He was a Master of Masters and a blessing upon mankind. And then some.
He had walked the earth as Hunter S Thompson, Lord Denning, the Marquis de Sade, Randolph Carter and Che Guavara. Probably not in that order, though.
He could speak 17 languages, juggle cantaloupes with his toes, conjure forth live budgerigars with a wave of his fingers and whistle the entire works of Ludwig Van Beethoven without breaking a sweat or collapsing from shear boredom.
He had fought in wars, swam every ocean in the world, hopped across entire continents with his feet in handcuffs and once spent forty days and forty nights in the middle of the Sahara desert in yellow fishing waders and a metal trilby just to win a bet with David Blaine.
He has escaped a bottomless pit using nothing but a length of dental floss and a hypnotised hamster, tamed a griffin with the power of suggestion, become a Twentieth Dan Master of the ancient art of Po Keeni at the humble age of 13 and single handedly ended the Cold war with his unmatched powers of blackmail (his accomplishments were thusly stolen by Reagan, who took much of the credit).

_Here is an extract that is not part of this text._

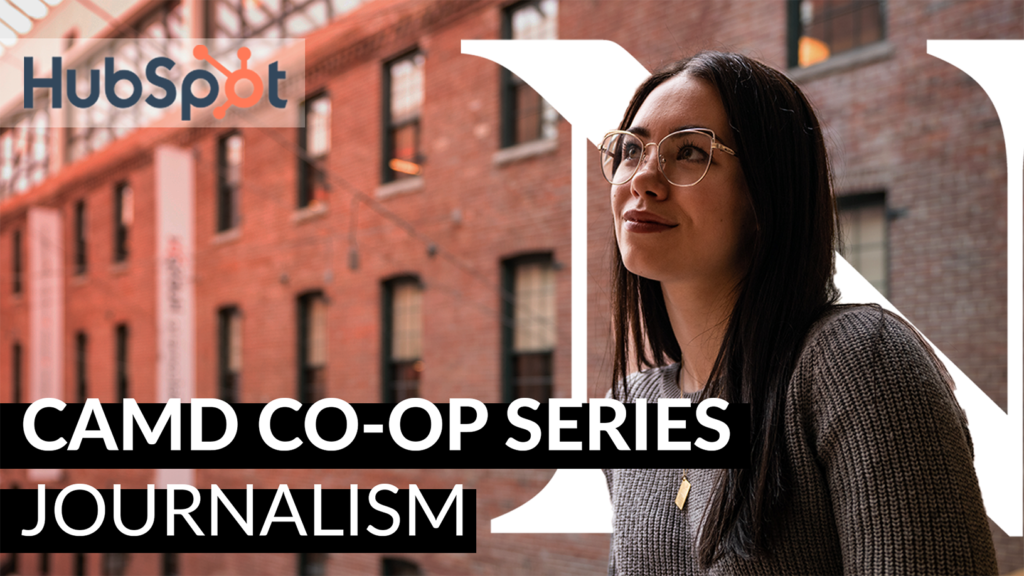 Journalism co-op at Hubspot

He held the ears of Monarchs and Maharajahs, Fuhrers and Fatcats, Pharohs and Princes. From the mighty rich to the humble poor, no one was unworthy of his time or favour.
He sold his soul for rock'n'roll, made love to a thousand godesses, earned and blew at least seven fourtunes, travelled to worlds beyond our universe and stared into the eyes of the Maker of us all.
His name is Andrew 'DC' Marshall, also known as the Deviant Gentleman. Scholar, dreamer and seeker of that which is known as 'ultimate truth'.